Thursday, 26 July 2007

"Cloverfield" has a poster

Hey, look! I'm blogging about "Cloverfield." I feel so... "in." ;)

Anyway...

The best movie poster of 2007 was/is the initial teaser poster for "D-War" (aka "Dragon Wars" now.) Now, while it doesn't even have an official title yet ("Cloverfield" is a code-name) JJ Abrams mysterious "giant monster attacks Manhattan as seen by people with camcorders" movie already has the early lead as the best poster of 2008:

Photo Sharing and Video Hosting at Photobucket

First thought: Whoa.

Second, longer thought: Umm... wow. Does that shot sorta... I dunno, REMIND anyone of anything? Something like this, for example:

Photo Sharing and Video Hosting at Photobucket

The similarity seems to either be intentional or at least unnavoidable. In fact, I can easily imagine some NYC theatre locations not wanting to put it up. Now, Michael Bay can get away with it when he claims that he doesn't think of 911 when crafting city-destruction scenes because, well, Michael Bay was born without a human soul. But Abrams and company, being both human and extremely insightful about humanity, MUST have either intended the analogous gut-punch this poster provides or at least recognized it and decided it was appropriate. I'm now even more strongly thinking what I was only considering when the blurry "spy" shots of this first appeared: Is this the real key to what this mystery-movie actually is?

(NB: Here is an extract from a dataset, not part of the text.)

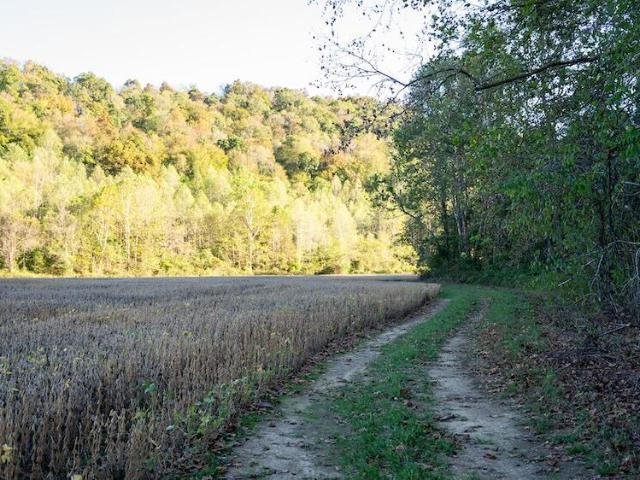 Land for sale in Vanceburg, Kentucky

Any monster movie lover worth his salt will tell you that the original "Gojira," ("Godzilla: King of the Monsters,") the giant-monster-attacks-city movie by which all others MUST be judged, is in large part so effective because of it's broader metaphoric meaning: It was a bombing-of-Hiroshima movie with a massive irradiated dinosaur standing in for the Enola Gay's atomic payload. Japan made THE rampaging-behemoth movie because they were able to draw on the recent memory of what it was ACTUALLY LIKE to feel the ground shake and see buildings turned to ash by sudden, unnamable force.

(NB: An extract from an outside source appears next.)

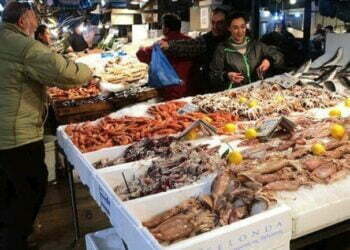 Θεσσαλονίκη: Μισό τόνο κουτσομούρες κατάσχεσαν λιμενικοί στην ιχθυόσκαλα Μηχανιώνας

The 1998 American remake failed in no small part, by contrast, because of how little weight and meaning it's carnage had. Don't believe me? Go back NOW and try not to cringe at how flippant it is in it's playful trashing of the Big Apple ("Wheee! There goes the Met Life building!") and then remember that, in 1998, WE (Americans) had no shared national experience to draw on when imagining a metropolis crumbling under what seems like the wrath of a god. But that was 1998, and as photo #2 should remind you: Now we do.

So, is THAT the idea here? If "Gojira" was Hiroshima with a monster standing in for The Bomb, is THIS going to be 9-11 with a monster standing in for Mohammed Atta? Given that camcorder and news footage is how the majority of the country "experienced" the WTC attack, and that that's how we'll "experience" the events of Abrams' film, I'm definately intrigued.